HTI Giving Day: Making an #HTIimpact

The day is winding down, but there is still plenty of time to give!

Dr. Melissa Pagán tells the final #HTIimpact story of the day. This is a story of the “rippling impact” of the support of #HTI for her scholarship. We support #Latinx students so they can impact institutions, churches, communities, and families. This is the HTI mission and vision. Consider joining us on this journey:

Dr. Melissa Pagán
Assistant Professor, Graduate Program Director, Mount Saint Mary’s University

I am a first-generation college student. Needless to say I was excited when I began my doctoral studies at Emory University; however, the uncertainties abounded. While I knew that I wanted to complete my Ph.D. I had no idea what I was actually doing at this institution and, at that time, I did not have sufficient resources to figure it out. Grace presented itself when I was given the opportunity to become an HTI scholar. The overwhelming confusion and isolation so typical for doctoral students was tempered for me through the work of the Hispanic Theological Initiative. At each stage of my doctoral program they were intent and consistent in providing the resources and support—mentoring, writing workshops, exams and dissertation workshops, editorial support—that was necessary to keep me moving forward.

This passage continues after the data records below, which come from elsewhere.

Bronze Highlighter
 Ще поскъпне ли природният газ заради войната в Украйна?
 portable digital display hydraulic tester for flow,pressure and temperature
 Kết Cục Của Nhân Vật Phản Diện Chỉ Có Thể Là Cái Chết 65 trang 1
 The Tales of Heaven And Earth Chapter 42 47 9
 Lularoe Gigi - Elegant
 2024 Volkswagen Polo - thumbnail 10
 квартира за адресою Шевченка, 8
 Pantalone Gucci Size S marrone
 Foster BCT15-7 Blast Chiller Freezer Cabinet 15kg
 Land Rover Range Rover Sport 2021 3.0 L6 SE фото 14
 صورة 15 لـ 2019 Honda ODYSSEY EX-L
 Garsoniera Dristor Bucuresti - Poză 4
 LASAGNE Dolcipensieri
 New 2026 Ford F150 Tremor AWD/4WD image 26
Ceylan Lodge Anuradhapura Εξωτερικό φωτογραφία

This was crucial for my success since, in addition to the very typical stressors doctoral students face, I had many personal obstacles that were it not for the HTI community and the editorial support of Uli Guthrie, would have certainly meant I would not complete my degree.

To this point: I entered my Ph.D. program with one child and I birthed two others while in my program. Almost as quickly as I had three children I became a single parent to them. Facing this reality I despaired, floundering in the darkness of anxiety and self-doubt, assuming that there was no way I would ever complete my program. I am unsure how Joanne Rodriguez sensed that I might be struggling but at just the right moment she called to check in with me. I explained to her my situation and that I believed that my only option would be to leave my dissertation half-written and walk away. I will never forget her response. It was one that grounded me in the present while directing me towards a hopeful future: “Melissa, you cannot stop, you were born to do this. I believe in you and not finishing is not an option. Tell me what you need and we will get it taken care of for you.” And she did. Joanne Rodriguez was not the only member of the HTI community committed to my success despite every statistic that would suggest that there was no way I could complete. Senior scholars and mentors, in spite of their busy schedules, consistently checked with me to ensure that I was well (and that I was writing). It was the fierce and unrelenting support of these persons who persistently believed in me even when I did not believe in myself that got me to finish my Ph.D.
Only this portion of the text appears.